The rendering options
These options are used to change the rendering mode of the model and take effect after the pending changes are published. The result is visible after a few seconds due to the reprocessing of the 3D model: a refresh of the page is necessary.
Face culling (Default value: True)
When the option is activated, only the faces of the geometries whose normals point towards the camera are visible.
The option can be turned off to enable double-sided rendering of geometry. It is useful for visualizing the front and back sides of simple surfaces like a curtain, a net..
Texture with transparent areas (left) used in a material applied to spheres.
When the option is activated, the front part of the spheres is visible (center).
When the option is off, the whole sphere (including the inside of the back part) is visible (right).
Vertex color (Default value: False)
Vertex colors are the old way of tinting a surface. Each vertex defines a color that applies to the triangles that it supports. The option must be on to activate the vertex color channel defined in a geometry. Otherwise, the information is simply ignored.
Gamma correction (Default value: False)
In PBR materials, textures used as base or emissive source are supposed to be encoded in sRGB color space while simple colors (materials without textures) are defined in linear RGB space. It means that values used to code the same tint trough a texture and a single color are not the same.
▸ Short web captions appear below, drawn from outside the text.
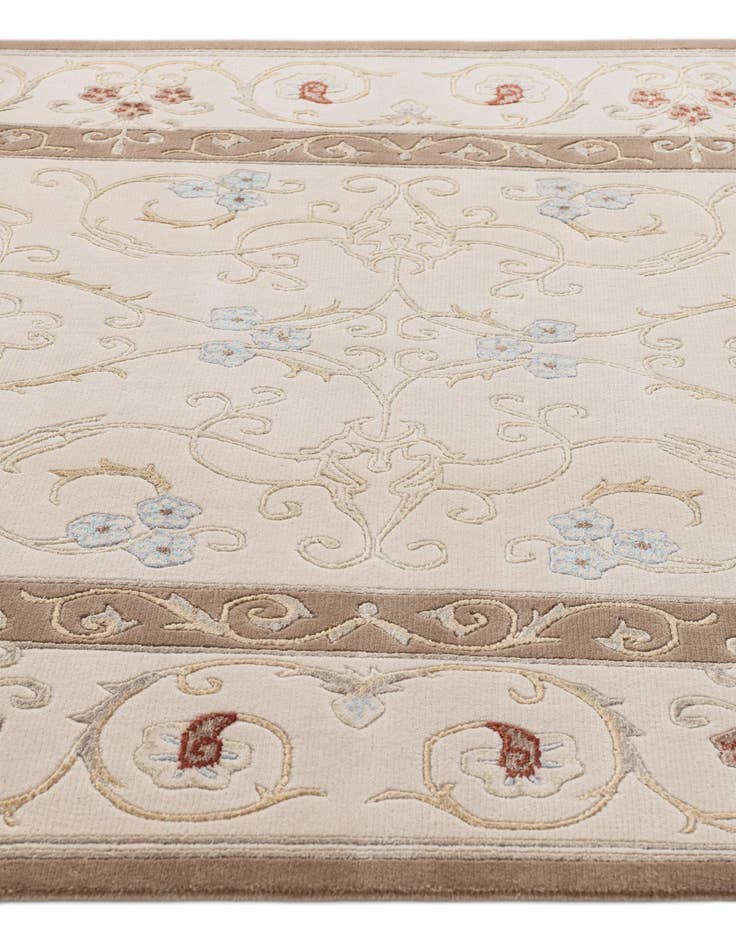 Detail image of 5' 9 x 7' 10 Darya Rug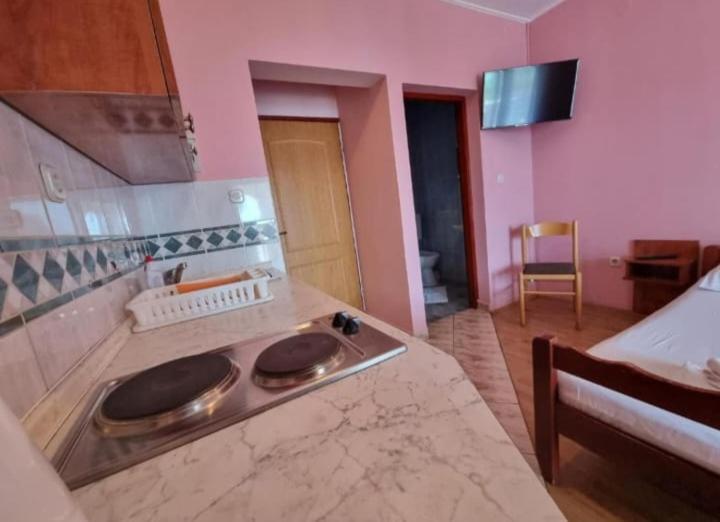 Apartmanibeta Stara Novalja Exterior photo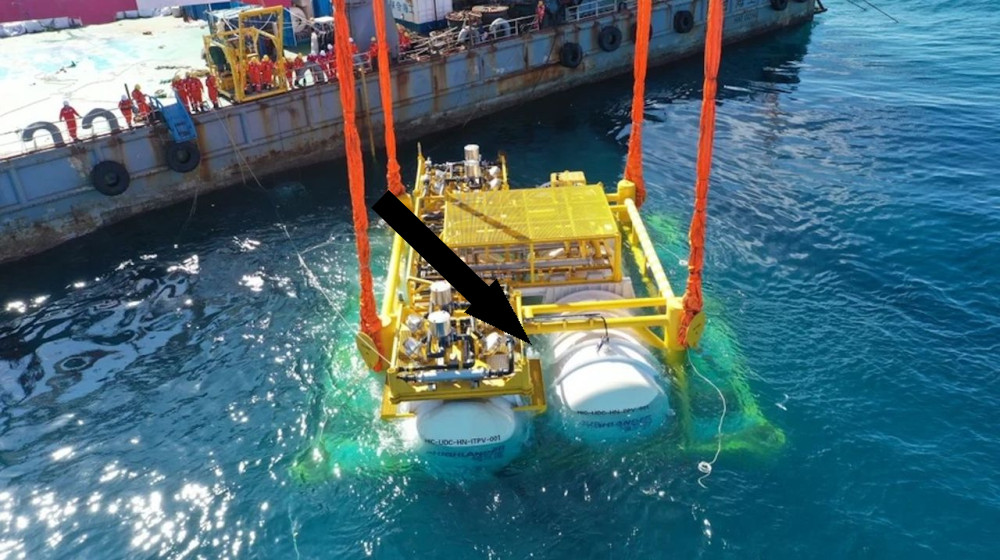  China is dunking data centers into the ocean to keep them cool 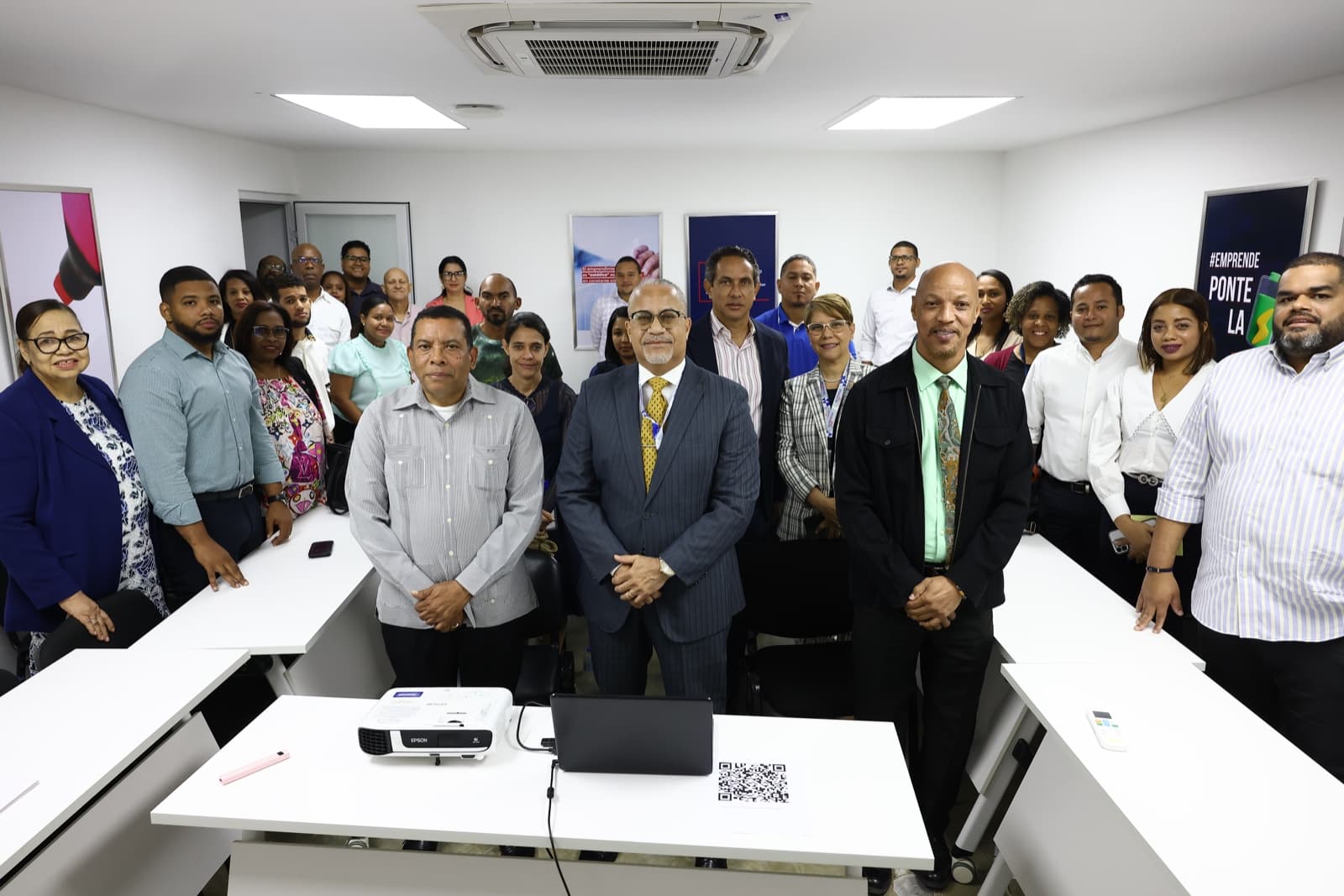 Colaboradores  Promipyme asisten a charla "El Costo de una Patria"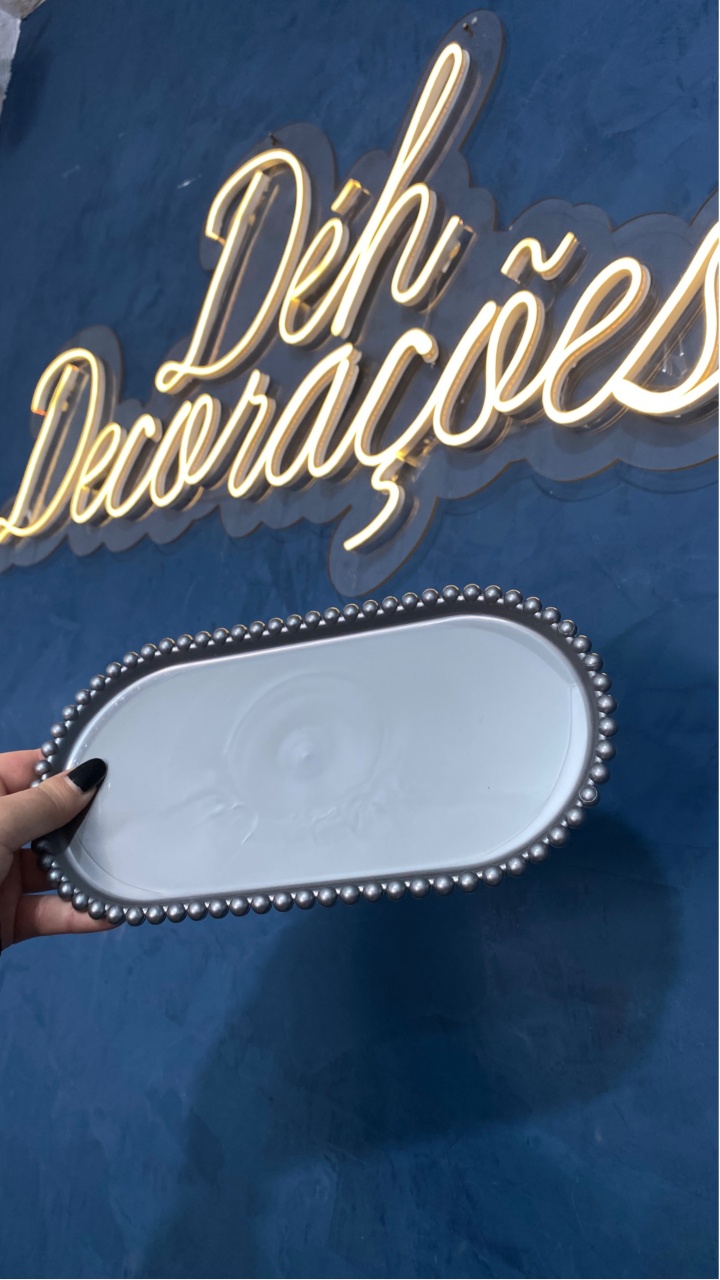 Bandeja Prata Oval Bolinha - Déh Decorações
As it is not always easy to correctly prepare the values and ensure that a texture is correctly encoded, this option applies a correction on single colors to align them with texture tints. Note that may not produce the original desired colors as textures themselves are not affected: the compensation is always applied on single colors.
(left) A plane composed of 2 areas using 2 different materials: the left one using a texture and the right one using a single color. Both texture and color represent the same tint.
In this example, without correction (middle), the final rendering shows a disparity between the 2 areas because the values chosen are incorrect (the same values were used for the single color and the color of texture pixels but they are expressed on 2 different colors spaces). When activating the option, the single color is compensated and the area looks like the textured one (right).